**Exercise objective:** Once the pictures are set aside, transcribe each line of the listing exactly.

(Beginning of Data provided)

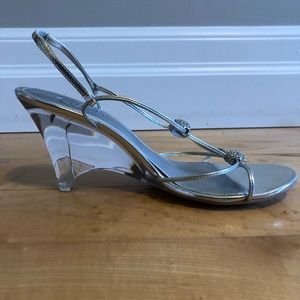 NWOT Silver Heels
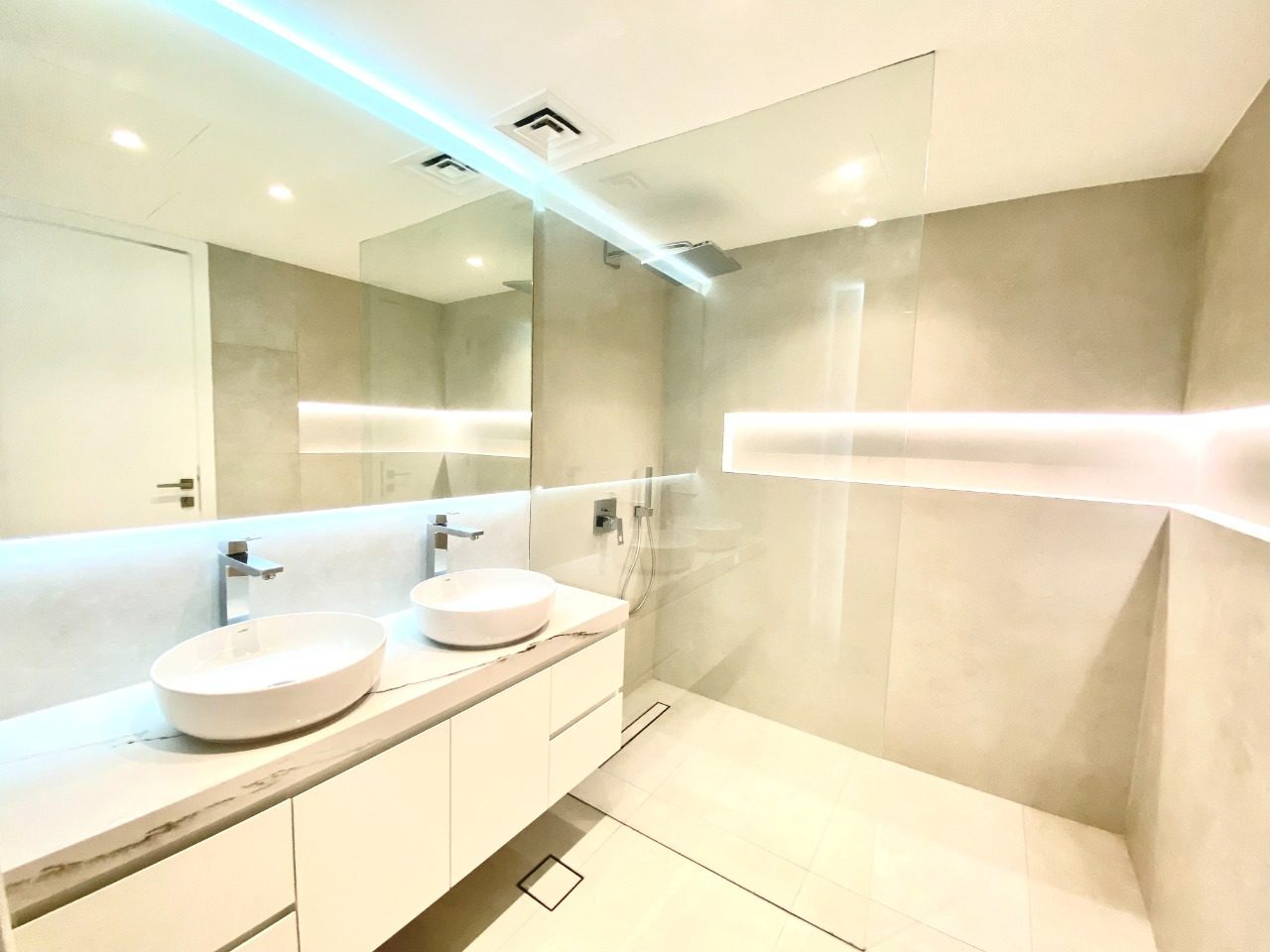 Aximer Ceramic Dubai Jumeirah Park Villa Inovation Project with Porcelain Slabs | Bathroom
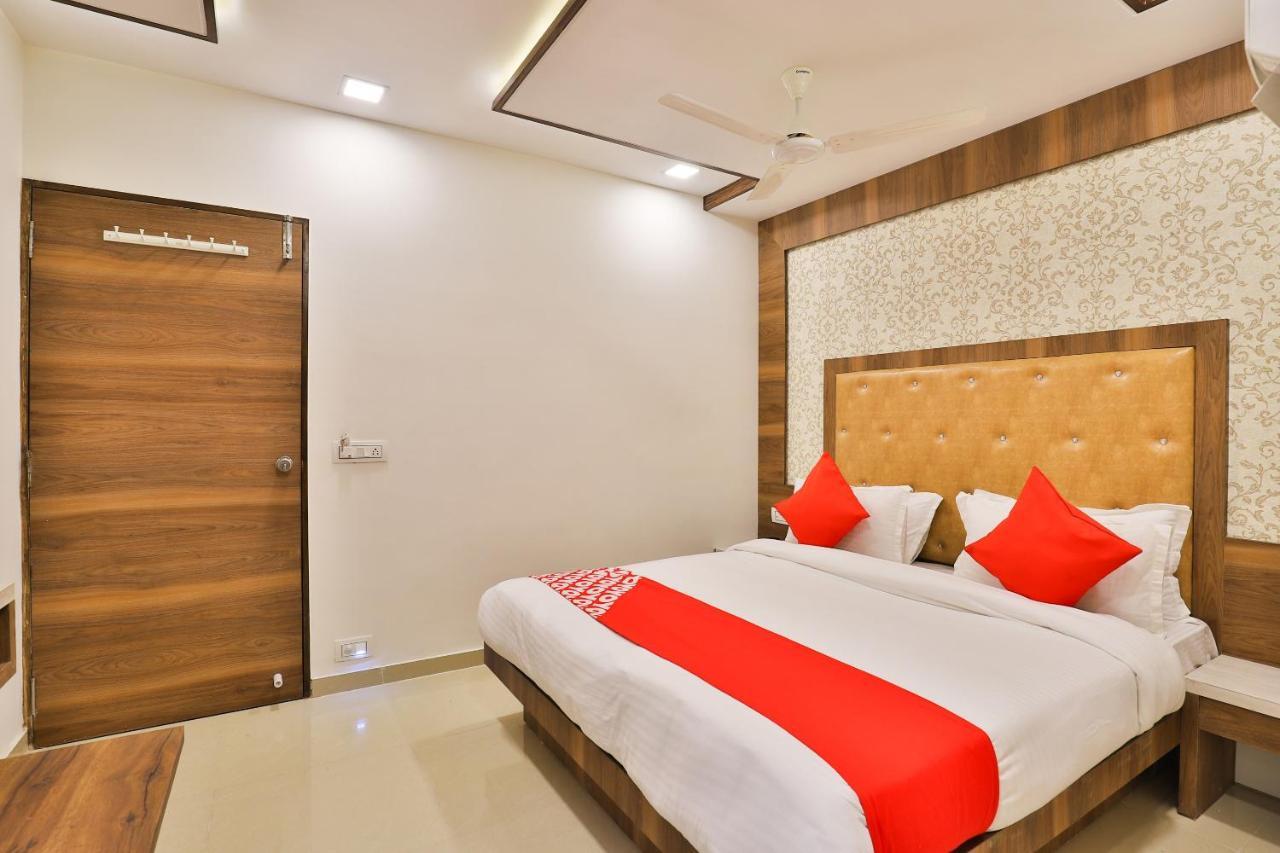 Oyo 24950 Hotel Shree Balaji Residency Ahmadábád Exteriér fotografie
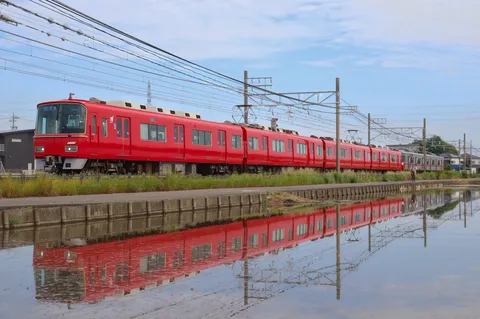 水鏡に映る赤い列車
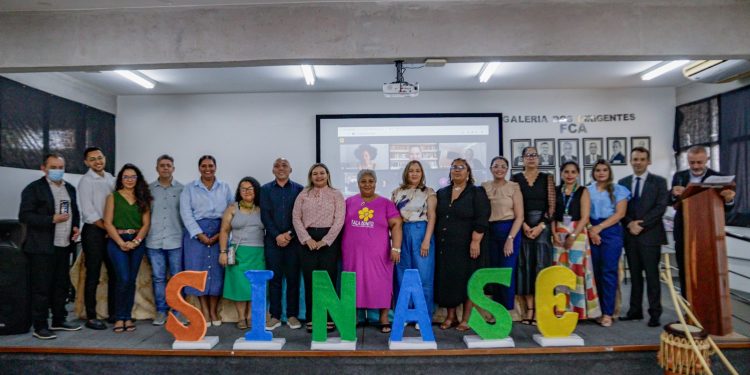 Amazonas realiza seminário para avaliar e desenvolver propostas socioeducativas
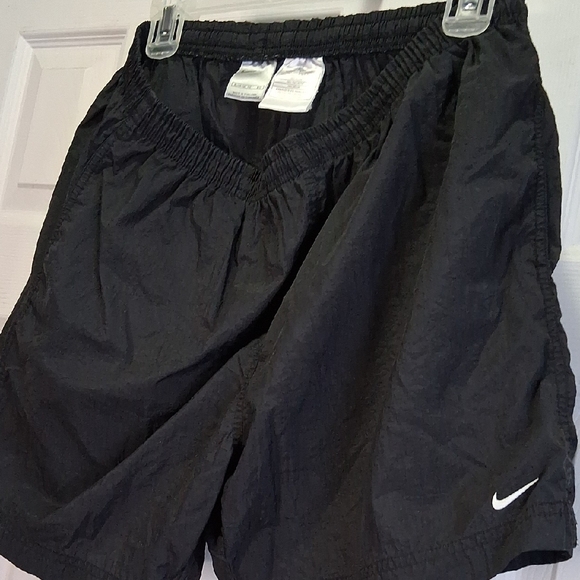 Nike Women's Black Athletic Shorts - Picture 9 of 9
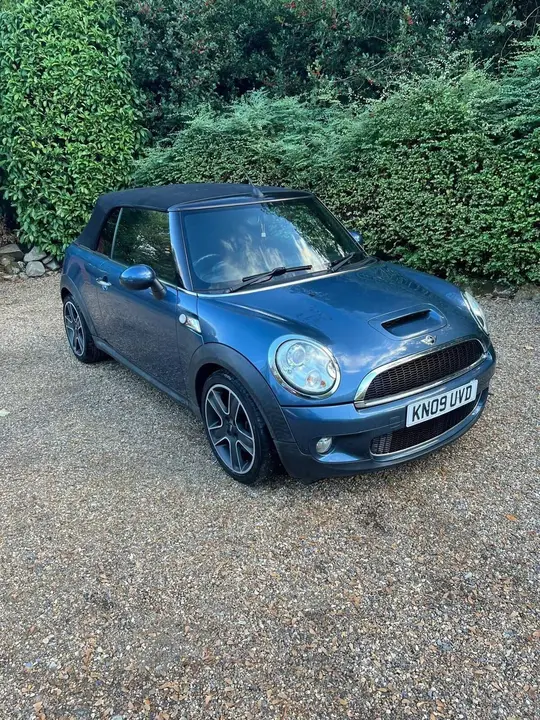 Mini Convertible 2009 photo 3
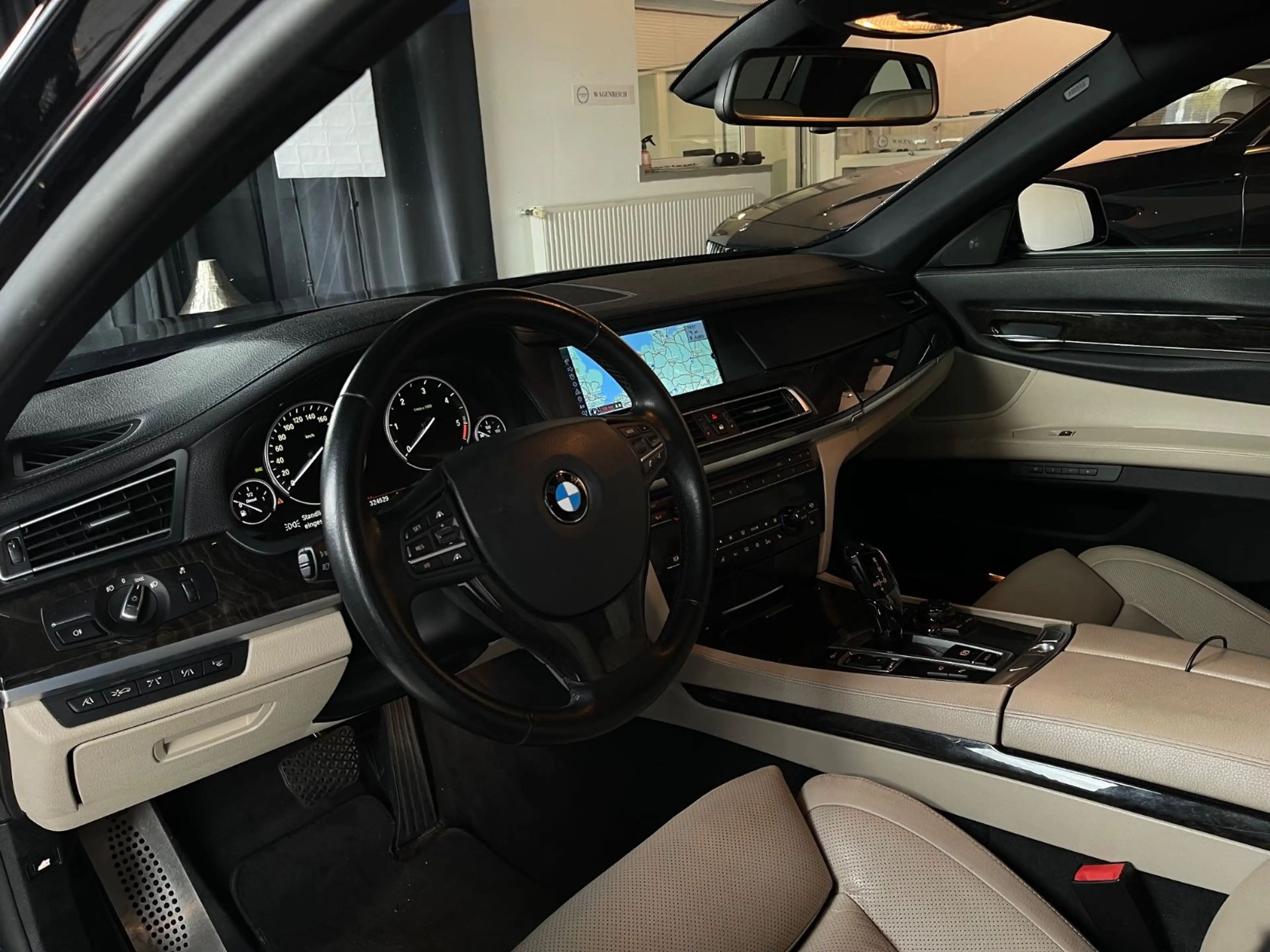 BMW 740 d Langversion | 306 PS | Massage | — photo 6
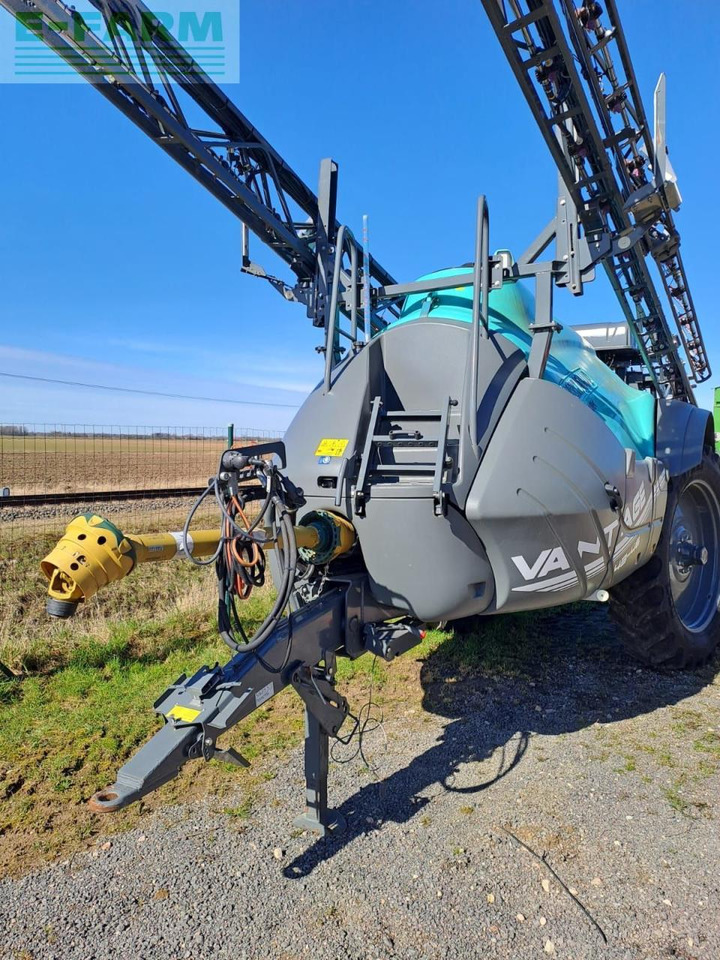 Berthoud VANTAGE 43-46 AX30 - Pulvérisateur traîné: photos 1 Berthoud VANTAGE 43-46 AX30 - Pulvérisateur traîné: photos 1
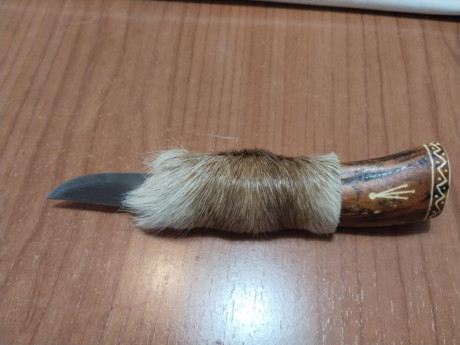 Se venden estás dos preciosidades hechas a mano con mango de hueso tallado y fundas de cuero con pelo 20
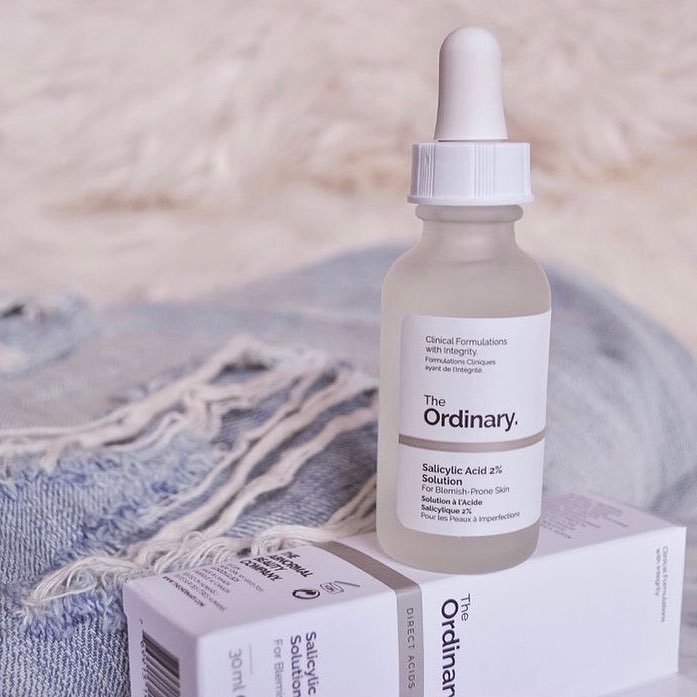 Serum untuk menghilangkan bekas jerawat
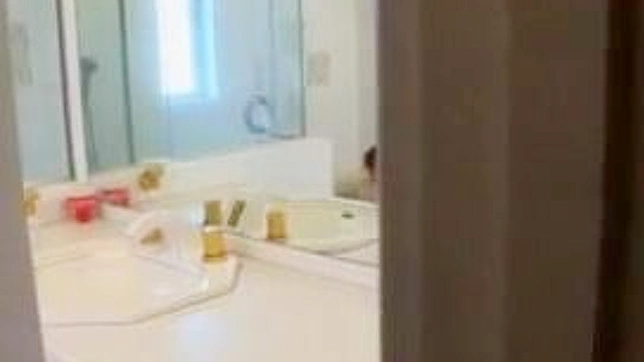 Sneaky Dad Caught Peeping on Step-Daughter in Shower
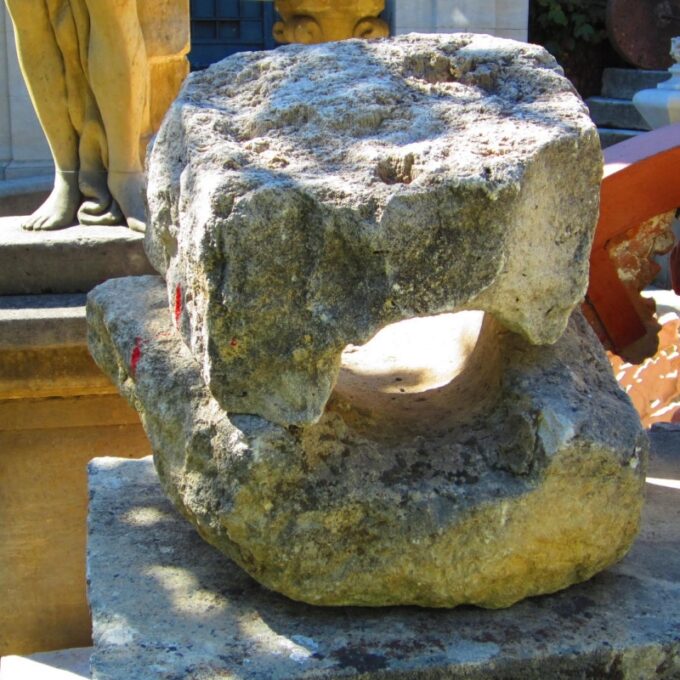 Extremely RARE Middle Ages Meurtrieres - Image 3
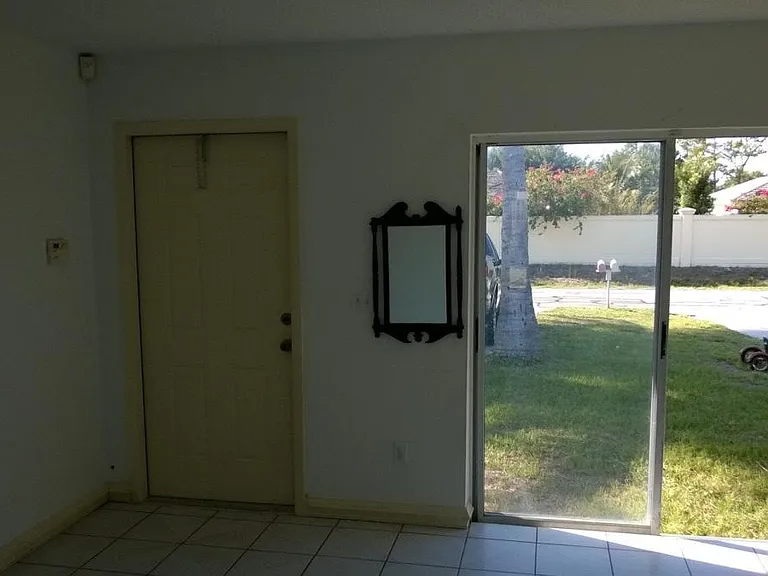 Entry Living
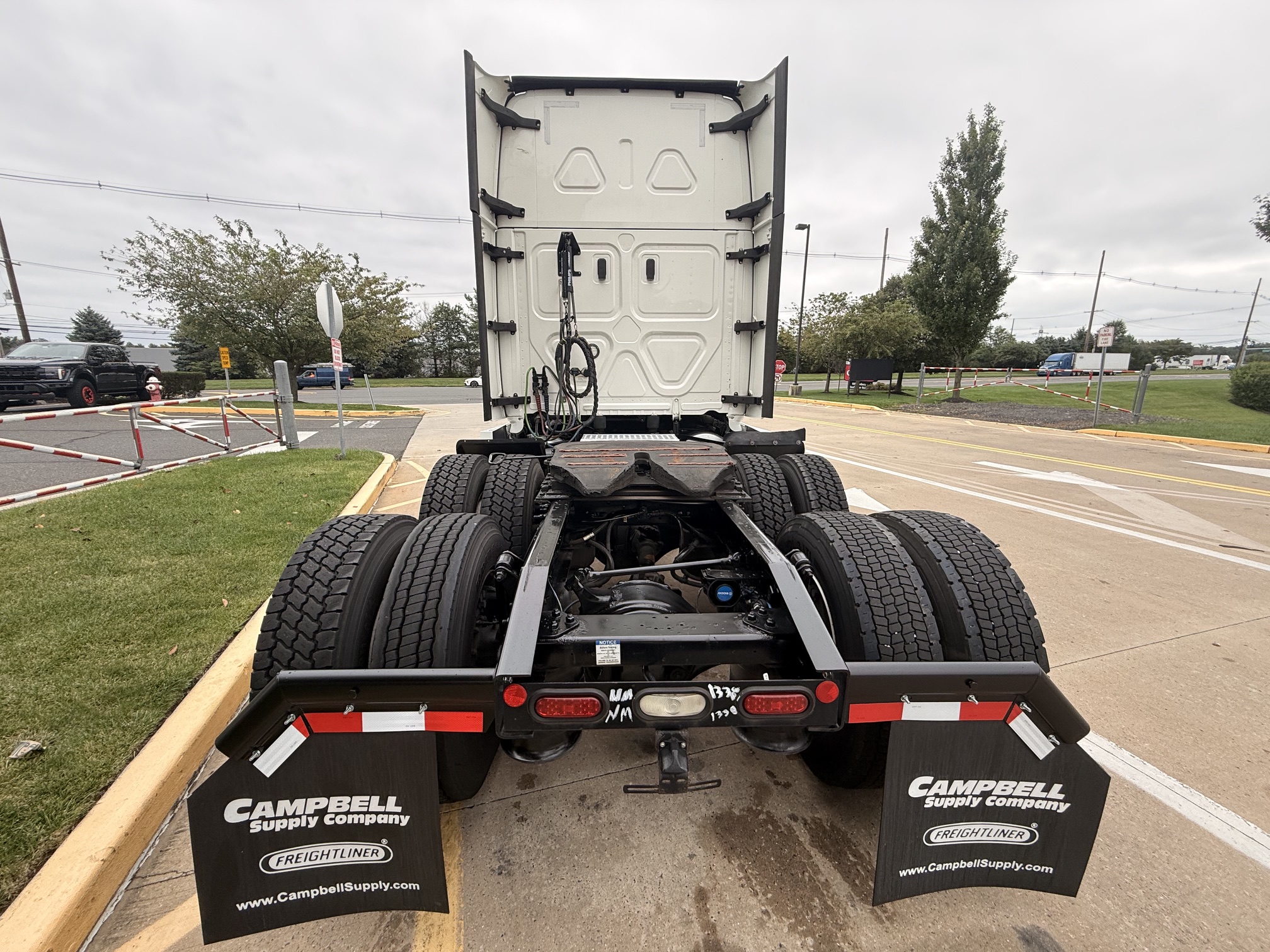 2022 FREIGHTLINER CASCADIA PT126S 2022 FREIGHTLINER CASCADIA PT126S - image 5 of 6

(End of Data provided)

**Task solution:**
 NWOT Silver Heels
 Aximer Ceramic Dubai Jumeirah Park Villa Inovation Project with Porcelain Slabs | Bathroom
 Oyo 24950 Hotel Shree Balaji Residency Ahmadábád Exteriér fotografie
 水鏡に映る赤い列車
 Amazonas realiza seminário para avaliar e desenvolver propostas socioeducativas
 Nike Women's Black Athletic Shorts - Picture 9 of 9
 Mini Convertible 2009 photo 3
 BMW 740 d Langversion | 306 PS | Massage | — photo 6
 Berthoud VANTAGE 43-46 AX30 - Pulvérisateur traîné: photos 1 Berthoud VANTAGE 43-46 AX30 - Pulvérisateur traîné: photos 1
 Se venden estás dos preciosidades hechas a mano con mango de hueso tallado y fundas de cuero con pelo 20
 Serum untuk menghilangkan bekas jerawat
 Sneaky Dad Caught Peeping on Step-Daughter in Shower
 Extremely RARE Middle Ages Meurtrieres - Image 3
 Entry Living
 2022 FREIGHTLINER CASCADIA PT126S 2022 FREIGHTLINER CASCADIA PT126S - image 5 of 6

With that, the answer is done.